Sorry readers. Sorry blogosphere. I hope you can all find it in your hearts to forgive me.
Because I do have excuses.
Well, I always have excuses, and this round of going AWOL was brought about because two friends were visiting from abroad. I declared it a staycation and went off to have a jolly good time.
Our agenda was chock-a-block: day trips to Brighton and Oxford; ambitiously long walks all across London; attending the heavily attended London Coffee Festival; catching two live shows; crashing a garden party; several yoga sessions at my neighbourhood’s hideously oderous Bikram yoga studioa; various meals out; and a healthy number of girls’ nights in.

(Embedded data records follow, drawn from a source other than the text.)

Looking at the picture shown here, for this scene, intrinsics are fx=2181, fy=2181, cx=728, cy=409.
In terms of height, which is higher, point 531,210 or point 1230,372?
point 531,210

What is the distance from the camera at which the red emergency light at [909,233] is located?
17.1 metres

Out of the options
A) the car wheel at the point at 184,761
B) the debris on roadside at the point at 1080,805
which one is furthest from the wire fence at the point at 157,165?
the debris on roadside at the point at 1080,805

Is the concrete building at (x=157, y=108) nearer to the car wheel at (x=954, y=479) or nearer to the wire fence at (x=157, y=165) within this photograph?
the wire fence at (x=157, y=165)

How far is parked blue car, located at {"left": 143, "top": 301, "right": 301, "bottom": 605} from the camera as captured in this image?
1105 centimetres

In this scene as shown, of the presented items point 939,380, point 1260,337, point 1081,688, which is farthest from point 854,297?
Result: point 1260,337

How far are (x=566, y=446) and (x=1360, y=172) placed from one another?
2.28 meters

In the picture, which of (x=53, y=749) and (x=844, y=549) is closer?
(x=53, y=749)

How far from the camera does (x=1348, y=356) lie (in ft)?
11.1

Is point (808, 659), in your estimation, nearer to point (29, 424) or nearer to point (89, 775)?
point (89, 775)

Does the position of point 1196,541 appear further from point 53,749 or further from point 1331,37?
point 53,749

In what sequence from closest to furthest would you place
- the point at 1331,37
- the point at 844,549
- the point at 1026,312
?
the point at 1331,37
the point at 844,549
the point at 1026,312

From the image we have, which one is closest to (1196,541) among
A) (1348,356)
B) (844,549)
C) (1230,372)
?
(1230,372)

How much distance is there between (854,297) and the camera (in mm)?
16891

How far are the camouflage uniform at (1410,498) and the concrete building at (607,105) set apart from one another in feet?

Having never packed in quite this many activities and outings in the span of ten days before, it’s not very surprising that the “girls’ nights in” were the highlight of my staycation. As frequently occurs when ladies gather in a room containing a television, the four of us partook in copious amounts of Indian takeout (provided by the ever-faithful Curry Express) and rented one RomCom after another, after another, after another.
During the span of a week, we had watched so many RomComs that if none of us ever saw another mismatched couple end up together after one of character delivers a long, impassioned speech describing everything they love about the other character (which were of course all the things they hated at first), we would die happy women.
Because that’s what most of the RomComs we watched boiled down to: a man and a woman meet in some contrived and awkward fashion, and usually take an instant dislike to one another.b The two continue to meet and continue to find one another thoroughly unpleasant. In reality however, all this unpleasantness is truly the work of sexual tension and animal attraction — these two polar opposites are, in fact, two halves of one whole.
Something happens, however, to cleave the two apart just as the roots of romance have taken hold — say, Emily’s boyfriend (who is clearly, clearly very wrong for her) proposes, or Harold receives an amazing job offer that’ll have him move across the continent. Suddenly, a light goes off in one of their heads: “I think I really like this character I’m supposed to hate.” She cabs it to the airport catching him right before his flight. He runs to her apartment in the pelting rain…
And cue speech!
“Dottie, I love the way you think you’re always right, even when you’re totally wrong. I love how your nose crinkles when you look at a menu and take 20 minutes to decide what to eat. I adore when you get trashed at office functions.”
“Andy, I love your martyr act when you refuse to ask for help. I love how your feet smell after you come back from a round of racquet ball. And most of all, I love it when you belch, abruptly, in the middle of a sentence.”
Of course, plenty more tropes operate within the RomCom genre, which itself can be divided into subgenres. There are actually several thoughtful articles on the topic, of which this is not one.
And now, like Andy’s previously mentioned belch, I will be abrupt and withdraw.